Thanks for all your messages in the past week on Facebook and on the website. It’s a pity to say that I am used to murders here. Not everywhere in Honduras is like this, and I don’t want you to get the idea that Honduras is completely out-of-bounds. As you can see from some of the photos a couple of weeks ago, or earlier in the year when I went to Utila, this country is also paradise. It’s like the el duende and los angeles are stewed into one big confused cauldron, which sometimes prevents this country from developing faster. It’s noteworthy to state that many Hondurans were quite shocked to see the pictures of the looting and riots in England a month or so ago. I found that they didn’t understand why we would get those kind of mindless acts in the UK. There are problems in all corners of this planet. Pepe Lobo and David Cameron belong in the same prison cell, but they never will, and there you have it: it’s not a perfect world, and it’s one we must put up with.
Last weekend was one of frustrations and bad luck and HSBC being crap.
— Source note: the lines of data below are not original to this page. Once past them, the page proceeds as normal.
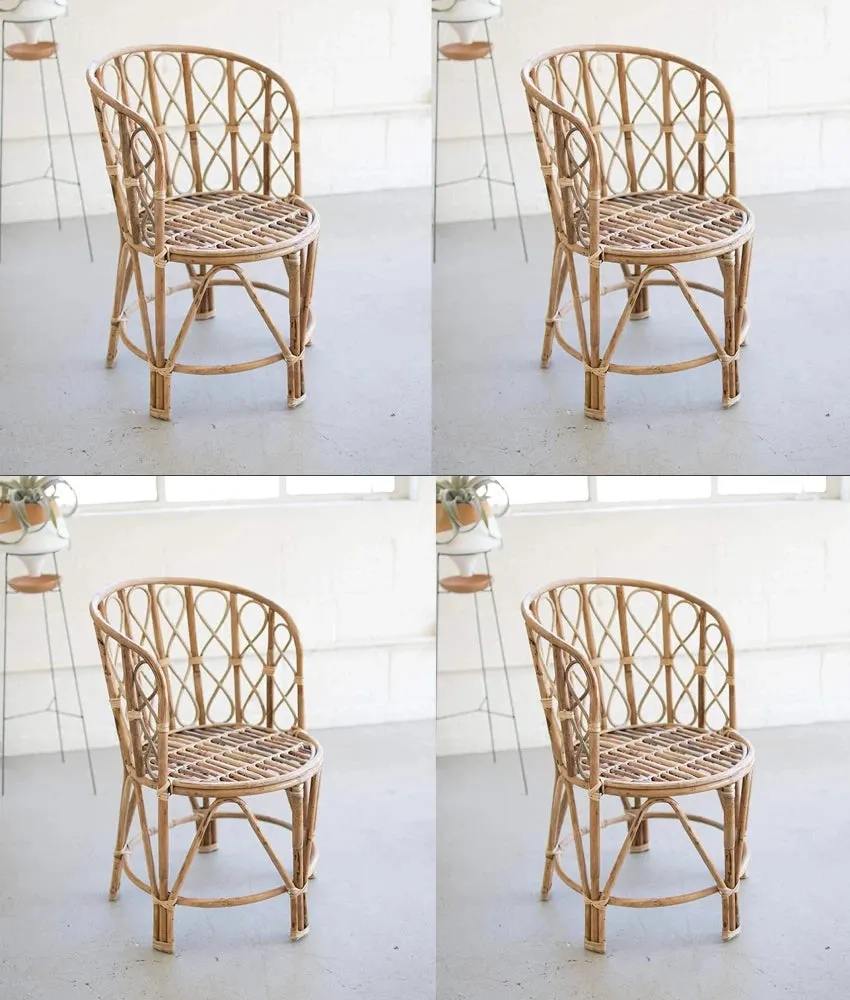 Babymoon Rustic Cane Chair | Wooden Properties | Baby Photography Props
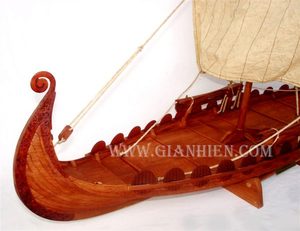 OSEBERG โมเดลเรือไวกิ้ง,โมเดลเรือทำจากไม้ผลิตในเวียดนาม - Product Image 2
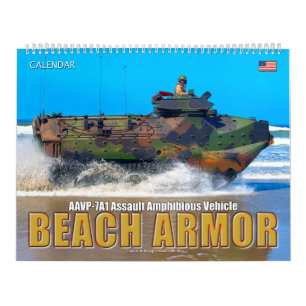 BEACH ARMOR - Amphibious Fordon Kalender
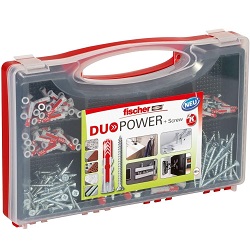 Bild zu 280-teilige Fischer Red-Box DuoPower Dübel- und Schraubenbox für 21,79€ (Vergleich: 30,44€)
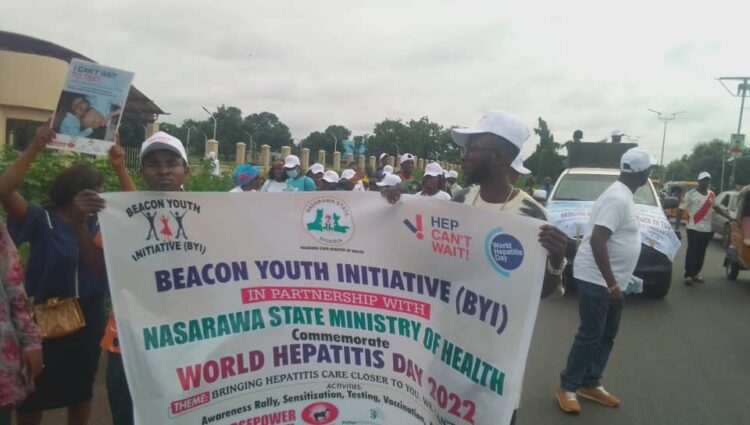 Awareness/sensitisation rally for the elimination of hepatitis in Nasarawa State.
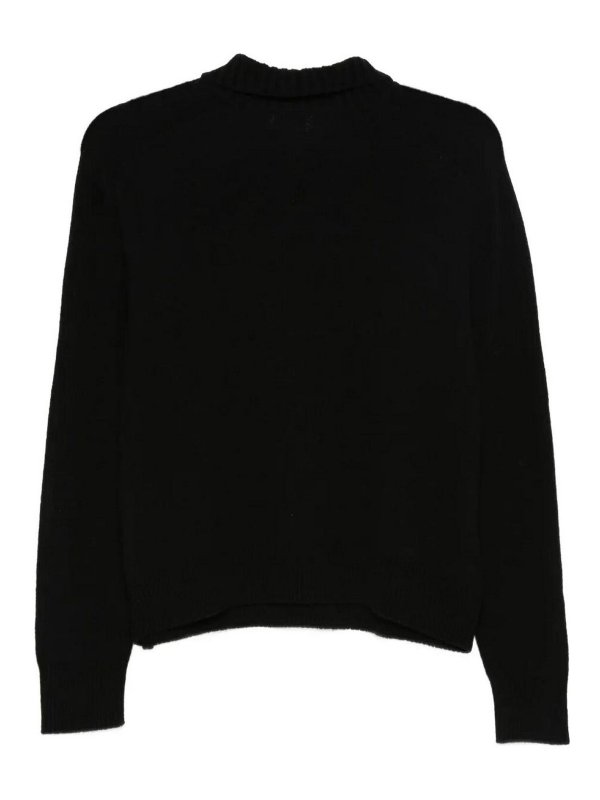 MALO: Strickpullover mit Rundhalsausschnitt online - Rundhalspullover - Schwarz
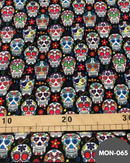 MON-065 TESCHI COLORATI FONDO NERO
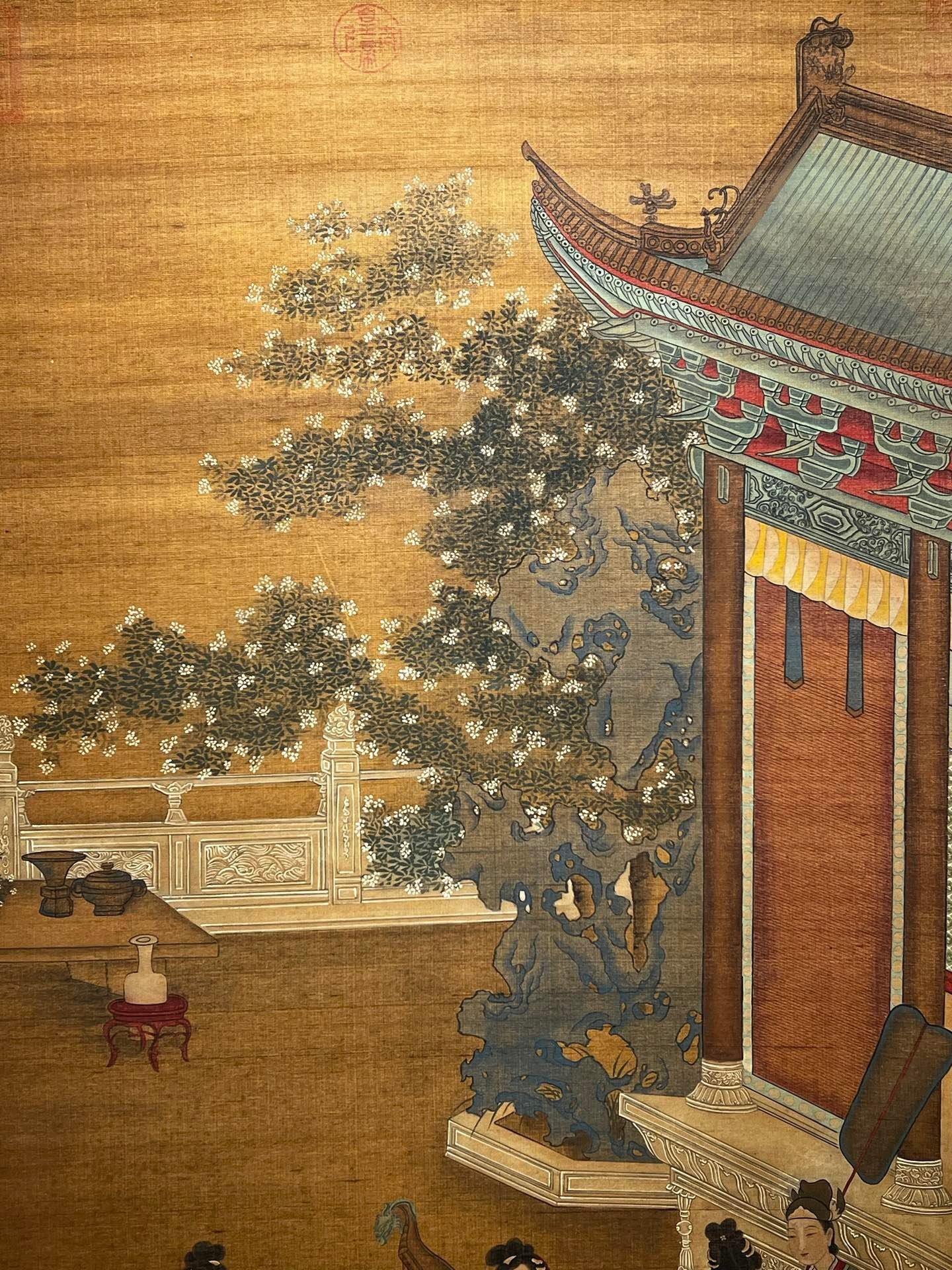 Chinese scroll painting Qiu Zhu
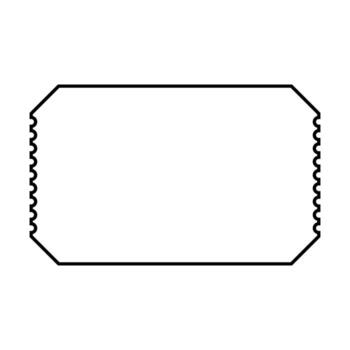 Label icon in outline style isolated on white background. Label symbol illustration. vector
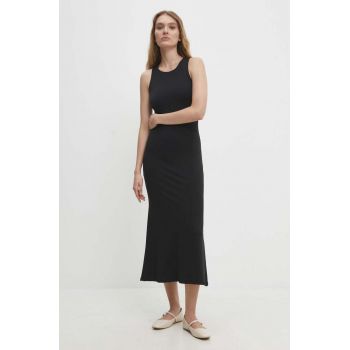 Answear Lab rochie culoarea negru, midi, evazati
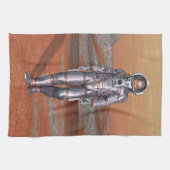 Astronaut Mars - Space Explorer auf Alien Planet Küchentuch (Horizontal)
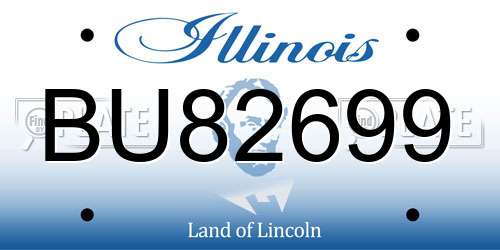 BU82699 Illinois License Plate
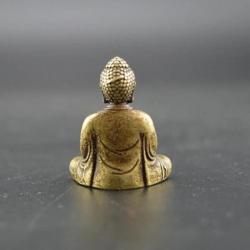 Buddha-Statue von Sakyamuni aus reinem Kupfer | Handgefertigte tibetisch-buddhistische Statue ...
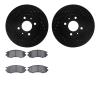 8302-67067 Drilled/Slotted Brake Rotors with 3000-Series Ceramic Brake Pads Kit [Black], 1991-1994 Infiniti/Nissan, Position: Fr - image 1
I passed the weekend with my friends Marlon and Luz, who are both dentists I should state. On the Friday night, we went to a regular haunt called Había Una Vez. I went there after I went to see Andy and Chris Padgett’s band. Somehow, they ran out of beer. That was the first bit of bad luck. So we left to go somewhere called Prime. It was the first time I’d heard house music in months. It was nice to hear, but the bar closed soon after we got there so we had to leave. Back at Marlon’s, their friend (who I’ve forgotten the name of) fell in love with my English accent, and so she kept making me repeat, “A cup of tea!” She loves Harry Potter, so I told her a story to send her to sleep about Harry’s trip to Honduras, which I will type the transcript to in a later update, and hopefully not be sued by JK Rowling.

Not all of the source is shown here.